A Misano Romano Fenati l’ha fatta veramente grossa: in pieno rettilineo, a quasi 250 km/h, l’ascolano del team Marinelli ha staccato le mani dal manubrio (cosa già vietata) per tirare il freno di Stefano Manzi, che poco prima si era reso colpevole di due sorpassi troppo duri su Fenati.

Il gesto è stato ritenuto pericolosissimo e il Pannello Stewards FIM ha inflitto a Fenati due GP di squalifica. La condanna, per una azione gravissima che avrebbe potuto portare a fatali conseguenze, è stata unanime. Per i sorpassi ‘duri’ di Manzi, sei posizioni in griglia di partenza da scontare ad Aragon. Le due penalità colpiscono i piloti e non i team.

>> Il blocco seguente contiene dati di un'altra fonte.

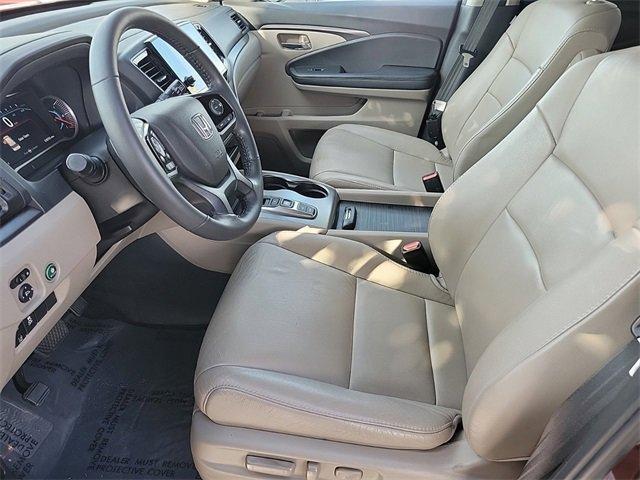 used 2022 Honda Pilot car, priced at $33,999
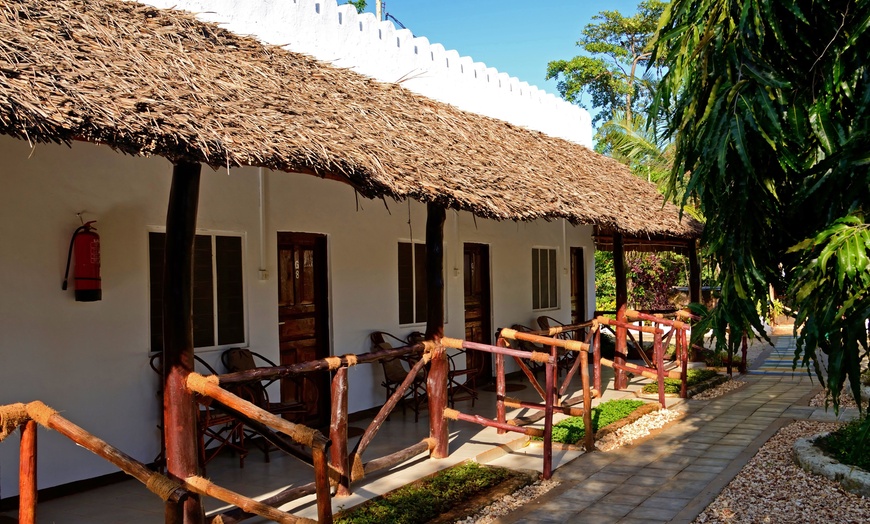 Image 3: ✈ ZANZIBAR | Nungwi - Amaan Beach Bungalow 3* - Nad morzem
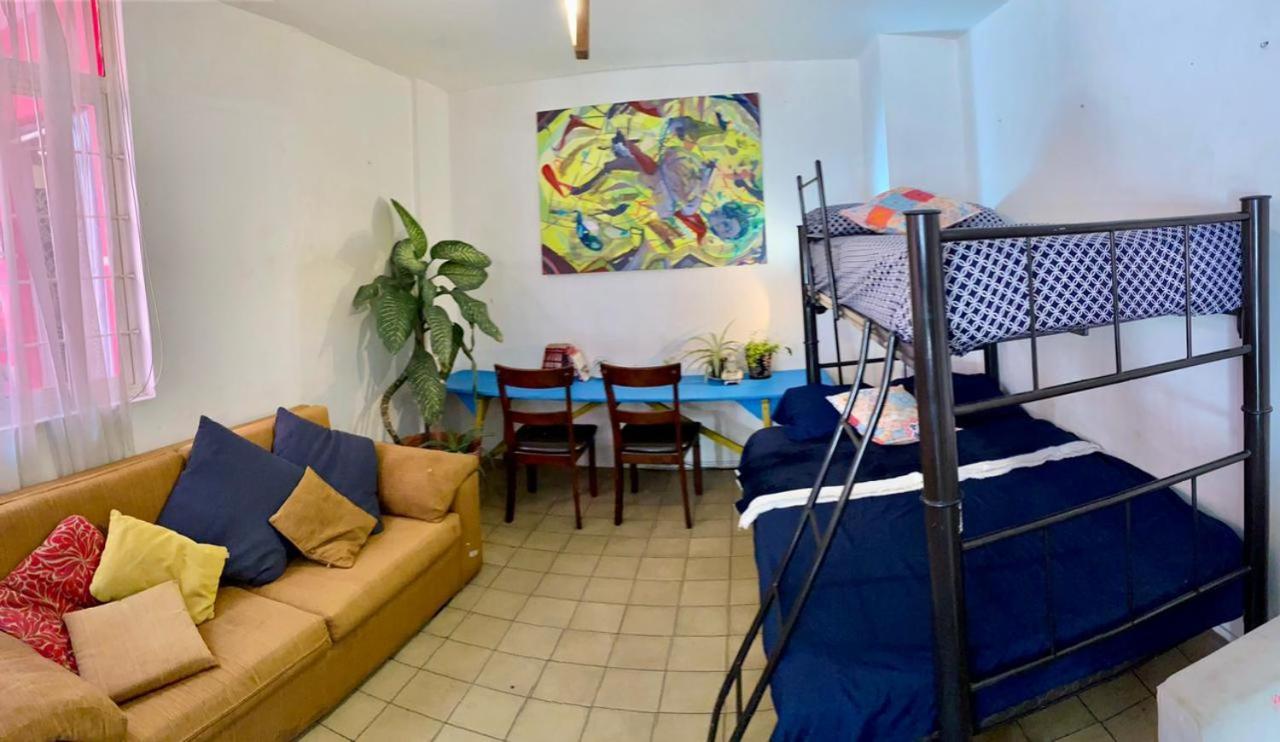 Free Spirit Hostel グアダラハラ エクステリア 写真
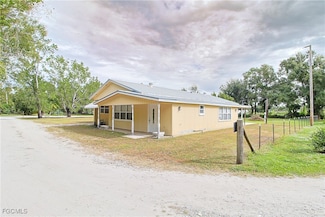 6620 Golden Rd, North Fort Myers, FL 33917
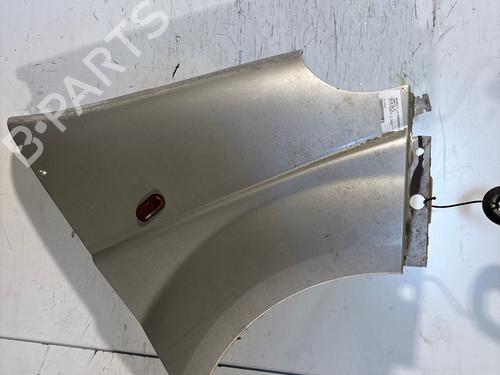 right-front-fenders-renault-trafic-ii-bus-jl-2001-37735525 main image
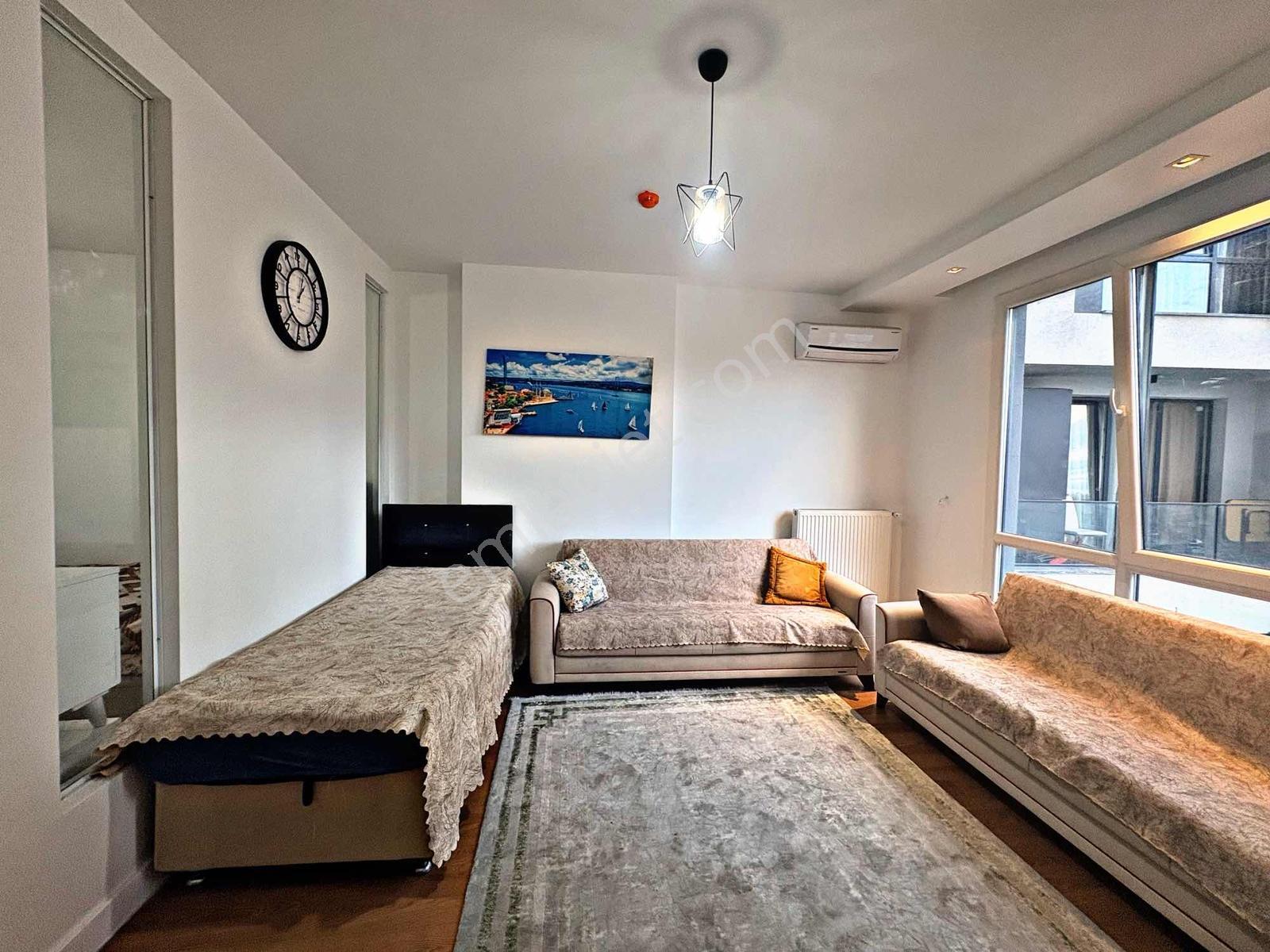 Beylikdüzü'nde Site İçerisinde Eşyalı Satılık 1+1 Daire - Görsel 19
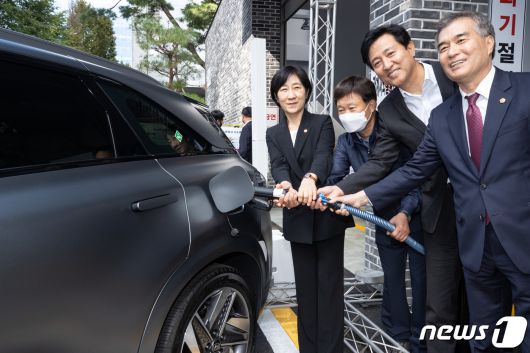 뉴스1
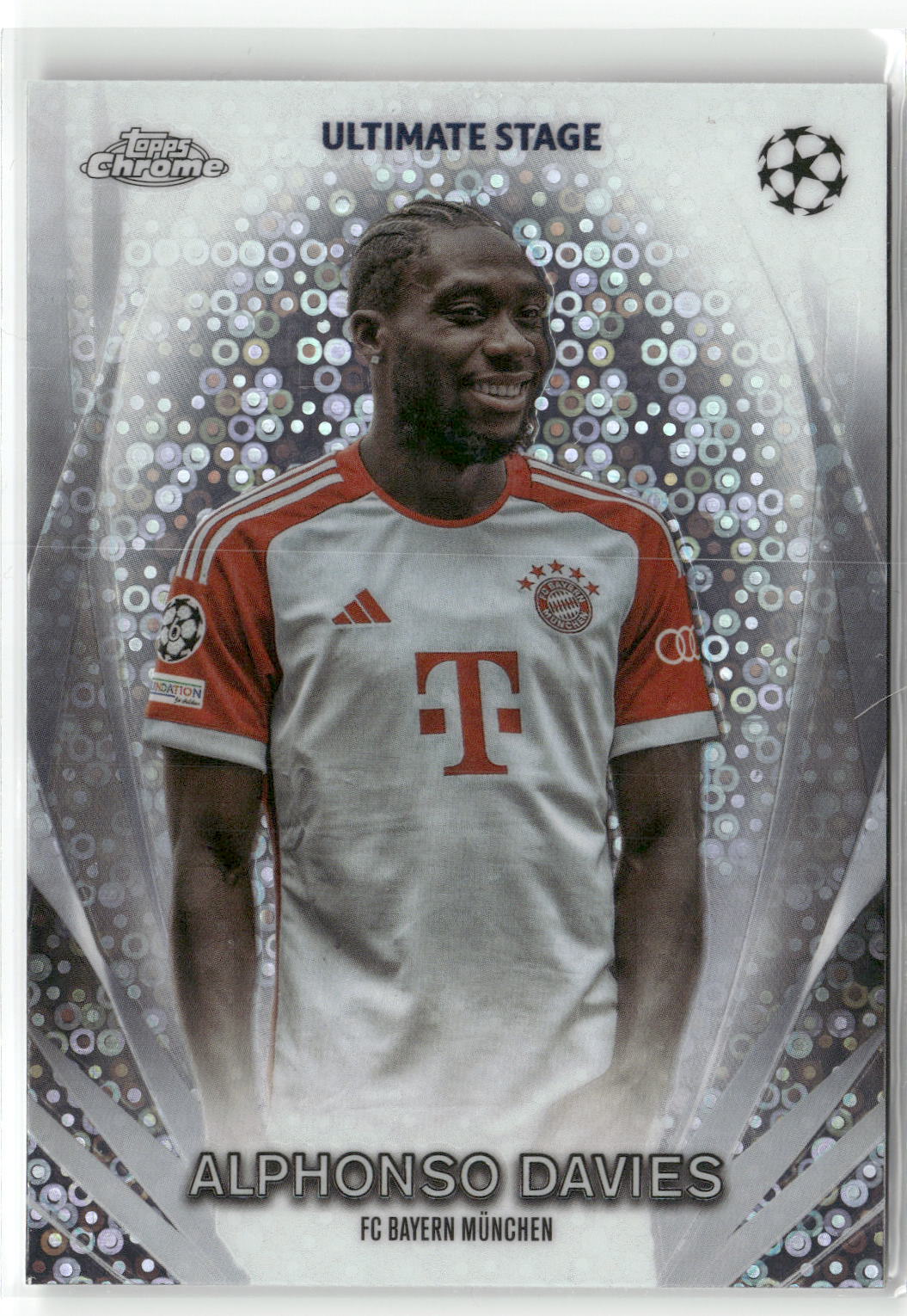 Fußball Alphonso Davies 2024 Topps Chrome UEFA Champions League Ultimate Stage #USC-22 Disco FC Bayern München Trading Card Original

La risposta di Fenati -C'è stato un primo contatto in cui Manzi mi ha portato fuori pista. Era davanti a me, poi l'ho superato. Dopo avermi superato, mi ha rallentato portandomi fuori pista per la seconda volta", ha dichiarato Fenati a Movistar TV. "Non dico che questa sia una giustificazione", ha continuato a spiegare, "ma credo che questo debba essere considerato, perché i piloti che corrono senza preoccuparsi degli altri rovinano le gare degli altri e questo non è giusto. La mia reazione non è stata una bella mossa, è stato un gesto pericoloso per me e per lui. Non voglio giustificarla, ma vorrei che fosse vista in prospettiva", conclude Fenati.

Ma in uno sport come il motociclismo in pista, nel quale si rischia già la vita, aumentare il fattore pericolosità è inammissibile. L’accusa di Fenati sui piloti che ‘corrono senza preoccuparsi degli altri rovinano le gare degli altri e questo non è giusto’ non può indurre a farsi giustizia da soli. Fenati oltretutto non sta correndo per aggiudicarsi il mondiale. E’ partito ventiduesimo dalla griglia di Misano e dall’inizio della stagione ha colto in totale 14 punti iridati, arrivando al GP di San Marino in diciannovesima piazza in classifica iridata.

Una curiosità: Stefano Manzi corre con il team Forward. Lo stesso che per il prossimo anno ha ingaggiato Fenati con la MV Agusta. I due saranno dunque compagni di box. Si prospettano scintille.